ノーベル賞も、所詮は事前「選挙運動」に加え、特に文科系の場合は選者への迎合(西欧への迎合アジア侮蔑・日本自虐→大江健三郎!)だから、真実とは遠く、正当な評価には程遠いのが実態。
石牟礼道子、ジョンレノン、サルトル、本多勝一、ほかに事例をご存知の方がいましたら教えてください。「もともと『賞』というものはすべて基本的に愚劣なのだろう」(本多)との意見に賛成。
「げんに、たとえば石牟礼道子氏のような良心的作家は、大宅壮一ノンフィクション賞を直ちに拒否した。…レノンや石牟礼氏や、ノーベル賞を拒否したサルトルなどは、やはりケタの違うことを認めざるを得ない。」(「職業としてのジャーナリスト」本多勝一)
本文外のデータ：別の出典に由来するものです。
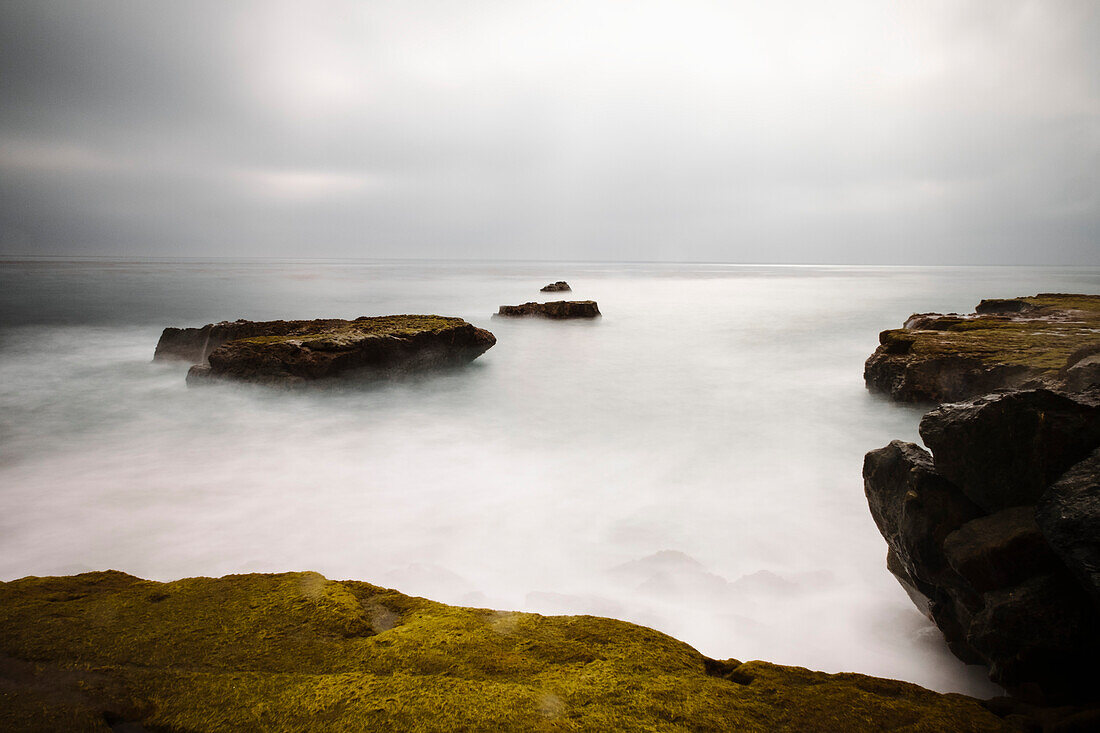 A long exposure seascape made along a rocky beach in Santa Cruz; Santa Cruz, California, United States of America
「今から17年前(1964年)、あれは私がニューギニア高地(西イリアン)にいたため留守の間のことである。この出版社が、私のルポ『カナダ=エスキモー』に対して『菊池寛賞』を出した。むろん私は知らなかったが、当時の私の上司が代理として受け取った。私自身も、文春の現在のような本質など当時は知るよしもなかったので、帰国してからこれを知っても拒否する気はなかった。」
それから4年後の1969年秋、ジョン=レノンはこの勲章を女王に送り返した。理由を書いた手紙には、ナイジェリア・ビアフラ紛争へのイギリスの介入やベトナム戦争へのイギリスの対米支持などが挙げられていた。
ビートルズは65年秋にエリザベス女王からバッキンガム宮殿でMBE勲章を受けた。同時に受賞した年配者の中にはビートルズ受賞に不満をもらす者が多かった。格が下がるというのだ。これに対しジョンレノンは語った。『文句をつけてる人の中には戦争中の英雄として勲章をもらった人がたくさんいますね。人を殺してですよ。ぼくたちは人々を楽しませたことでメダルをもらったんです。』(ジュリアス=ファスト『ビートルズ』)
賞を受賞することがニュースになることはあっても、受賞拒否が公になることは少ないと思います。今回の場合、産経新聞の報道姿勢に対する批判という意味合いが濃く、記事中で引用されている受賞辞退の手紙は痛快です。林さんのコメントにもまったく同感。 産経新聞がこの著作に賞を与えようとした理由は分かりませんが、「産経」の名前を冠した賞は、戦争を否定する著作・著者にとって、箔にはならないと思います。